Moms are going to be the ones to revolutionize the way that other mothers are treated because we know what we needed when we were having babies. We get to show up for new moms. My favorite thing to do for a new mom is say: I'm coming over to do your dishes. Go to your room and just give me the code. I don't even need to see you. It takes the pressure off of moms. When you ask a new mom what they need, they often can’t tell you. It’s because we don't even know what we need.

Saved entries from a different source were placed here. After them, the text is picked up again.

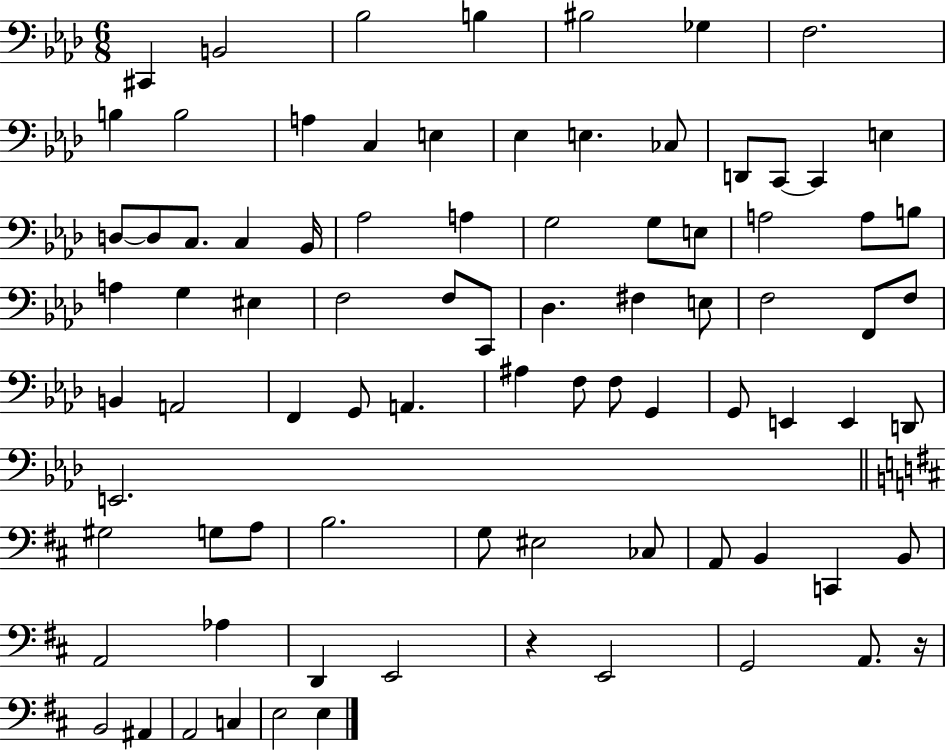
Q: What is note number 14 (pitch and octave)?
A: E3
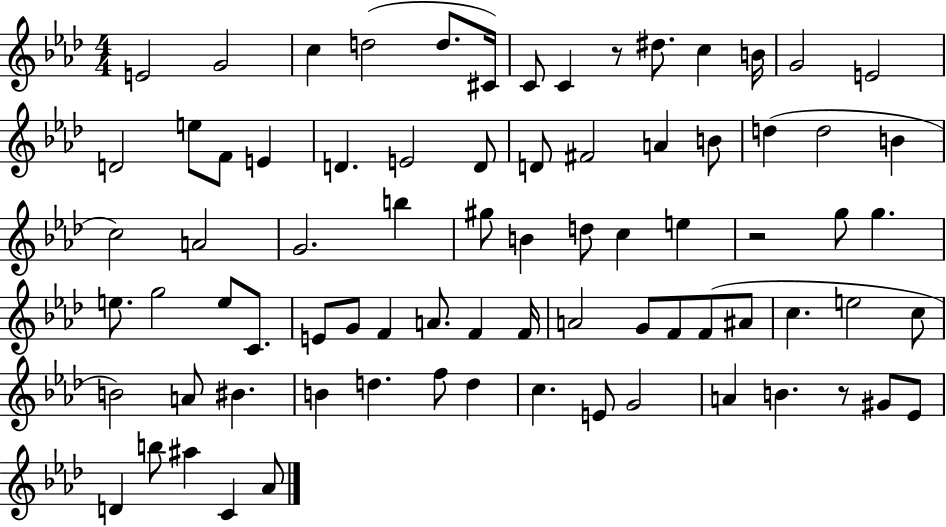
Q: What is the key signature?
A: AES major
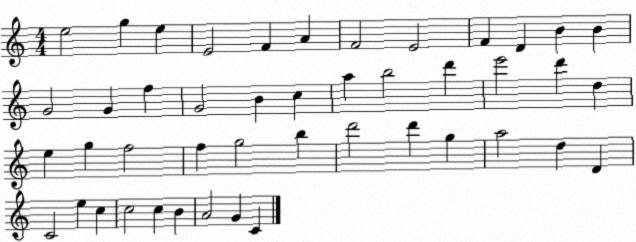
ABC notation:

X:1
T:Untitled
M:4/4
L:1/4
K:C
e2 g e E2 F A F2 E2 F D B B G2 G f G2 B c a b2 d' e'2 d' d e g f2 f g2 b d'2 d' g a2 d D C2 e c c2 c B A2 G C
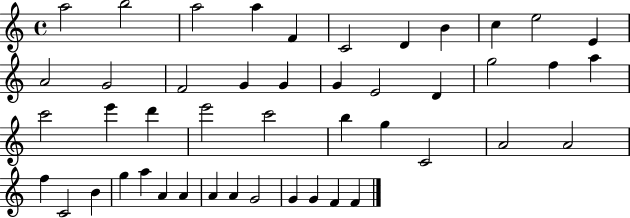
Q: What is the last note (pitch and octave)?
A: F4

A Few Closing Thoughts From Our Conversation
These are just a few of the highlights of my conversation with Brittany. I left our time together truly inspired. I think Brittany is so right. If we want our culture to value motherhood more, it has to start with us. It requires us to ask more questions of one another and assume less. It requires us to practice blocking out the noise of well-intentioned advice and input to get quiet enough to listen to our own bodies.
And perhaps most of all, it requires that we release the expectations we have on ourselves. I invite you to join me in unleashing this vision of motherhood in your own community and circle of friends! Will you join us
More From Brittany Ross
Brittany is a mama of two girls, a writer, and a wellness advocate. She is currently working on a memoir centered around unleashing the soul of a woman. Her journey into motherhood was an unexpected invitation for her to wrestle with four key pieces of identity. These included race, religion, marriage, and motherhood.
While these are the main means through which women define themselves, Brittany would counter that your worth can never be limited to just those four things.